Diviso in tre parti, tre quadri, ruota intorno a un unico personaggio, un attore famoso, Nemesio Rea.
Nel primo quadro (Historia de oddi, bifolcho) conosciamo Nemesio sulla scena mentre interpreta un proprio testo, scritto in autentico volgare duecentesco, la storia di un contadino toscano che ha partecipato alla tremendissima battaglia di Montaperti in cui Siena e Firenze si sono scontrate.
Nel secondo quadro, L’attore e il buon dio, lo ritroviamo nel suo camerino, mentre si preparara per lo spettacolo, turbato dall’avvenuta rottura violenta con la moglie, tra pianti, grida e insulti.
Ma è nel terzo quadro (Er cane de via der fosso d’a maijana), che finalmente vediamo Nemesio vivere felice in un bidone dell’immondizia. Ha lasciato tutto, la sua professione e la sua vecchia vita. Ha deciso, come il filosofo greco Diogene, di rifiutare ogni ambizione e possesso per essere libero di parlare del vero senso della vita.

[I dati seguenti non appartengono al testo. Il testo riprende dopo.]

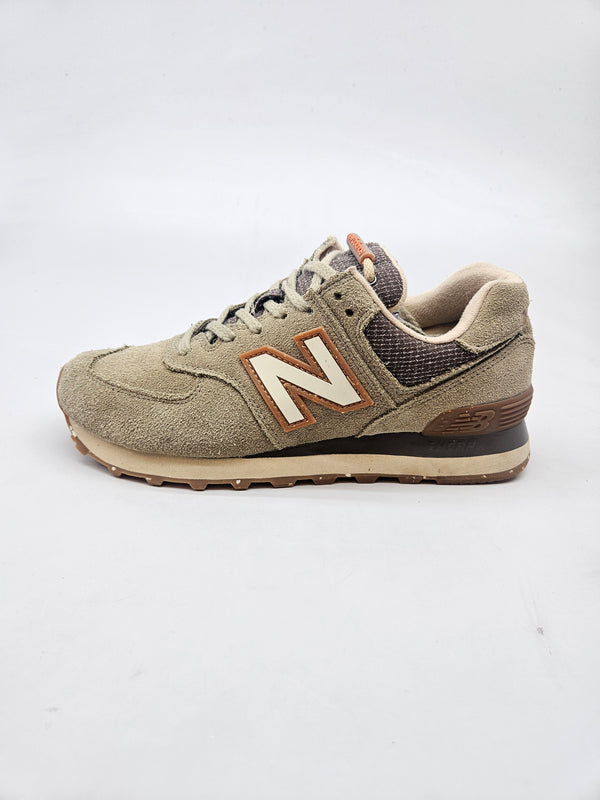 NEW BALANCE ORIGINAL PATIKI BR 38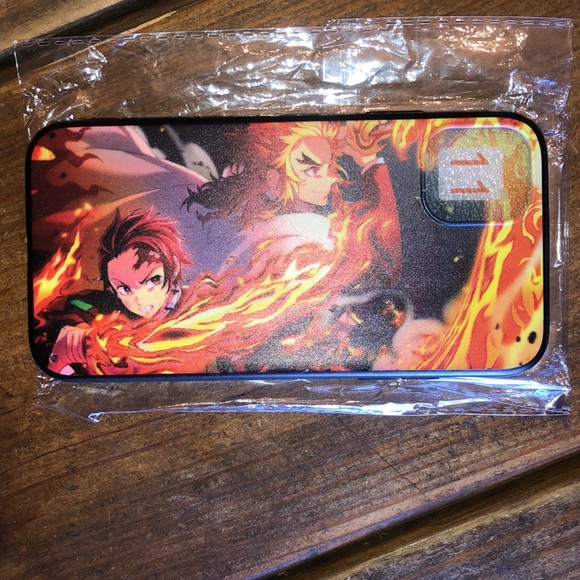 Demon Slayers IPhone 11 case - Picture 4 of 8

“Tre lingue italiane diverse per ciascuno dei monologhi (volgare toscano, lingua corrente del nostro 21° secolo, romanesco), tre atmosfere, tre toni, tre stili. Epica e commedia, sberleffi e crudeltà. In ognuno dei tre quadri, apparentemente così diversi tra loro, ci sono gli stessi temi che ruotano: La violenza dei maschi, l’umana stupidità, la guerra, il bisogno di bellezza e di amore.”